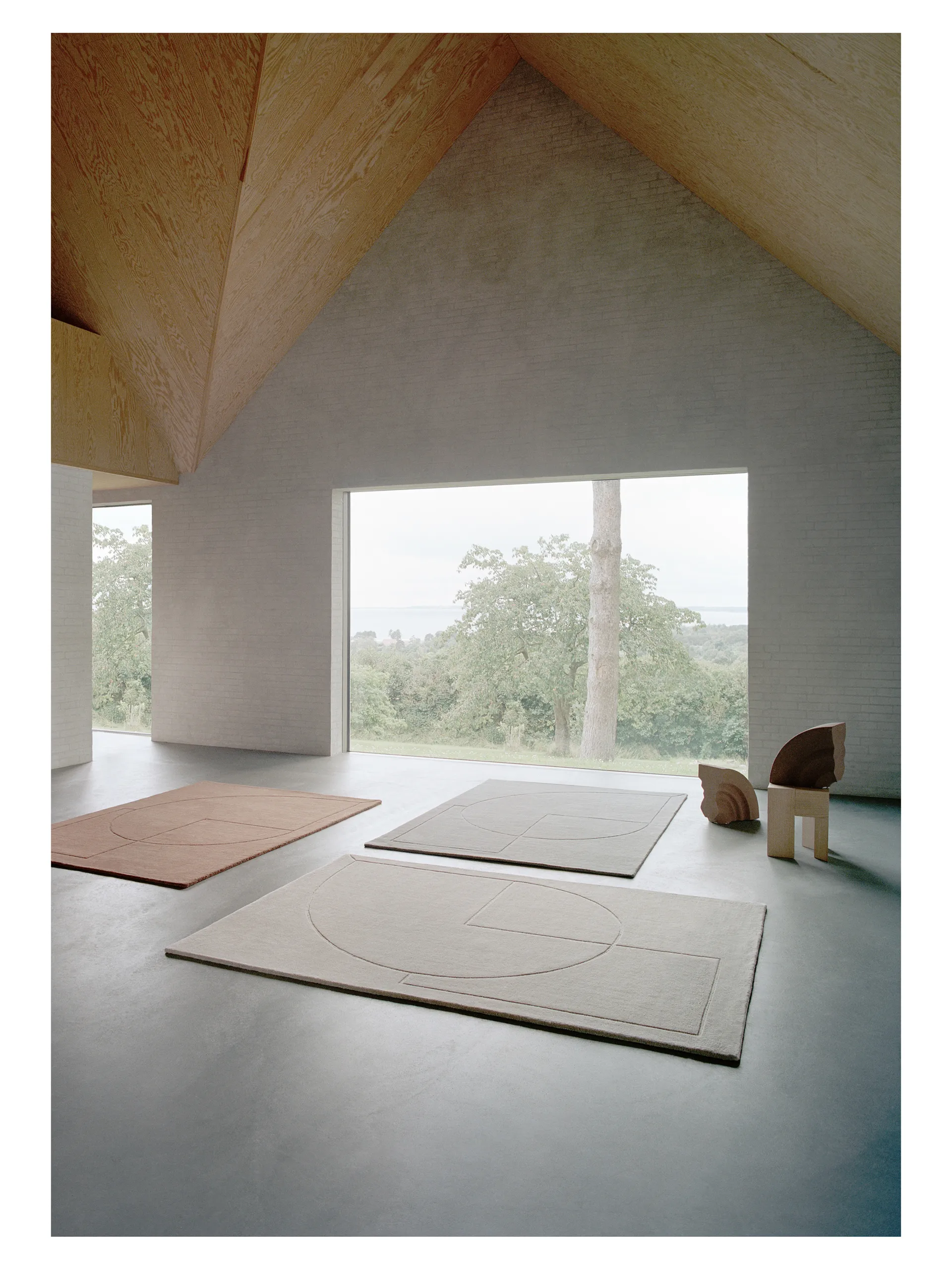 Lineal Poem羊毛地毯, 米色_140x200cm Linie Design
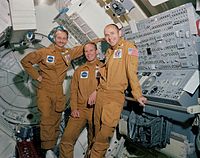 Skylab 3 astronauts Garriott, Lousma and Bean S73-28714.jpg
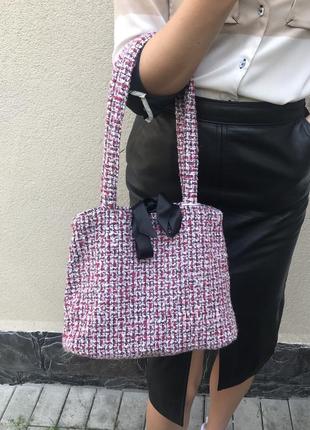 Нова,твідовий,вовна+альпака+акрил сумка,торба,стиль шанель,ірландія 2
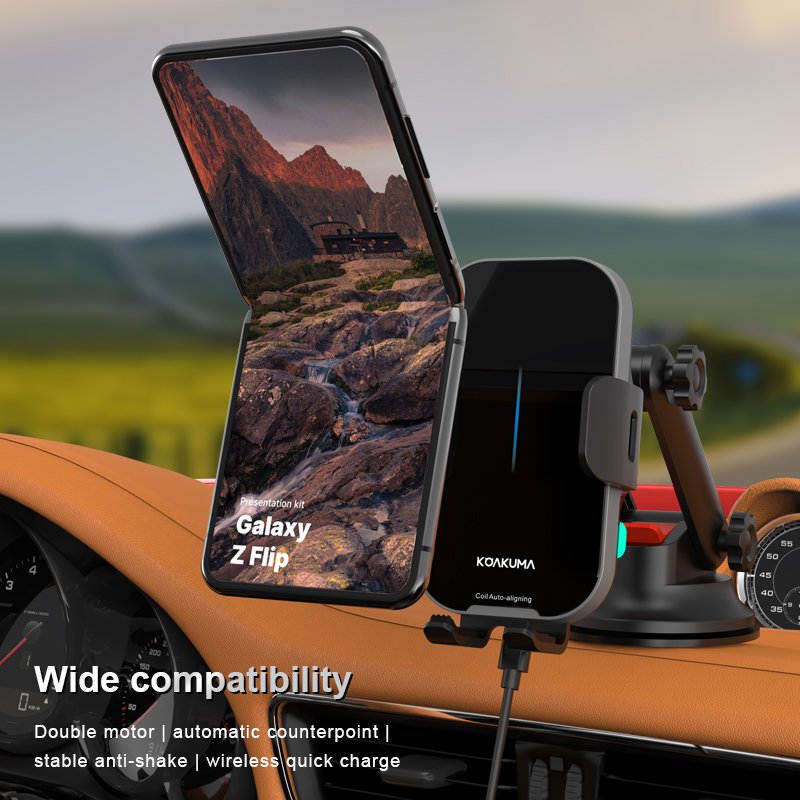Best Selling Products 15W Wireless Charging Cradle Universal 15W Air Vent Car Phone Holder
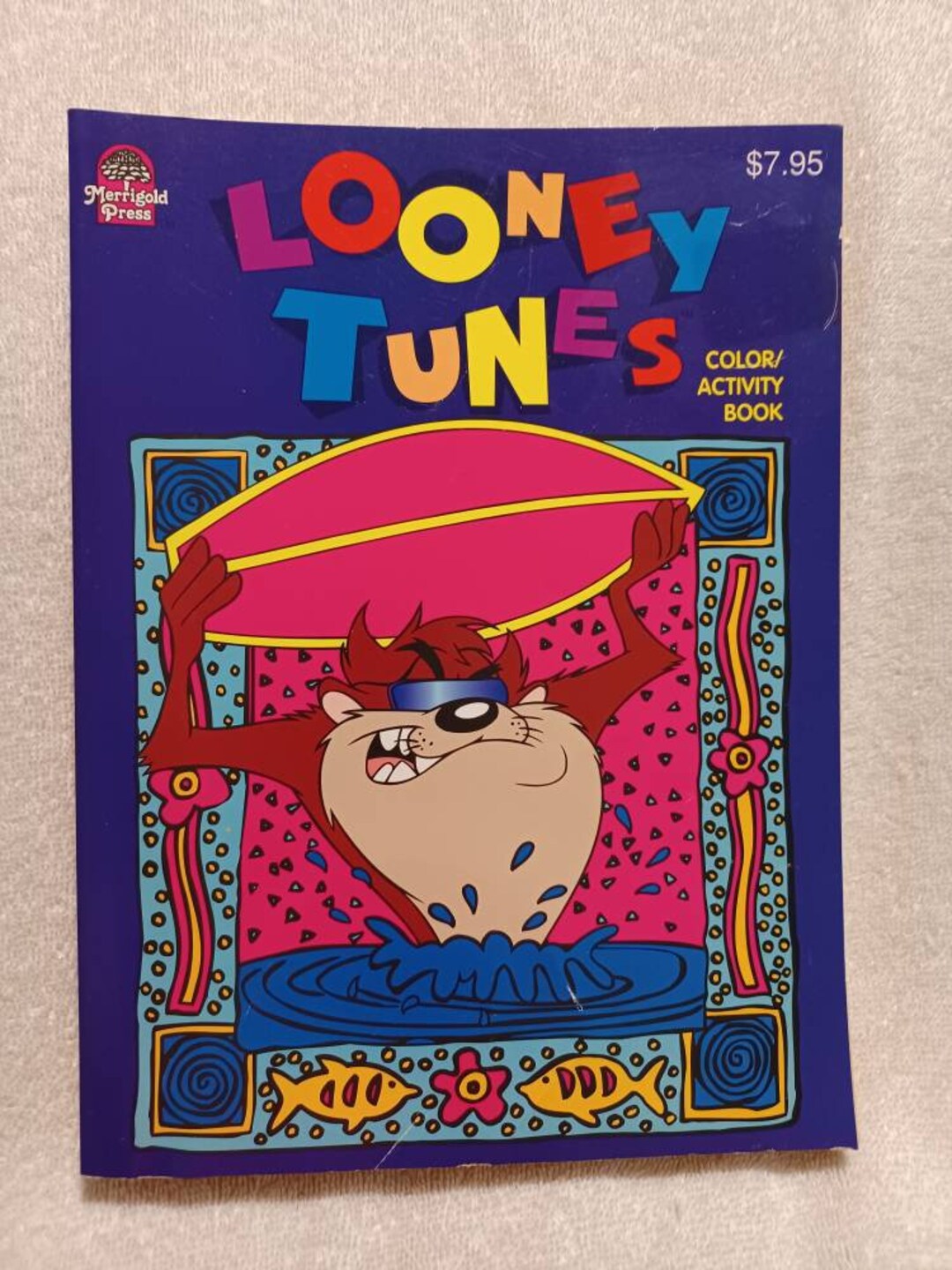 Vintage Looney Tunes Color &amp; Activity Book - Etsy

════════════════

*TASK PROMPT:*
Return every record exactly. Pictures stay out.

*COMPLETED TASK:*
 Lineal Poem羊毛地毯, 米色_140x200cm Linie Design
 Skylab 3 astronauts Garriott, Lousma and Bean S73-28714.jpg
 Нова,твідовий,вовна+альпака+акрил сумка,торба,стиль шанель,ірландія 2
Best Selling Products 15W Wireless Charging Cradle Universal 15W Air Vent Car Phone Holder
 Vintage Looney Tunes Color &amp; Activity Book - Etsy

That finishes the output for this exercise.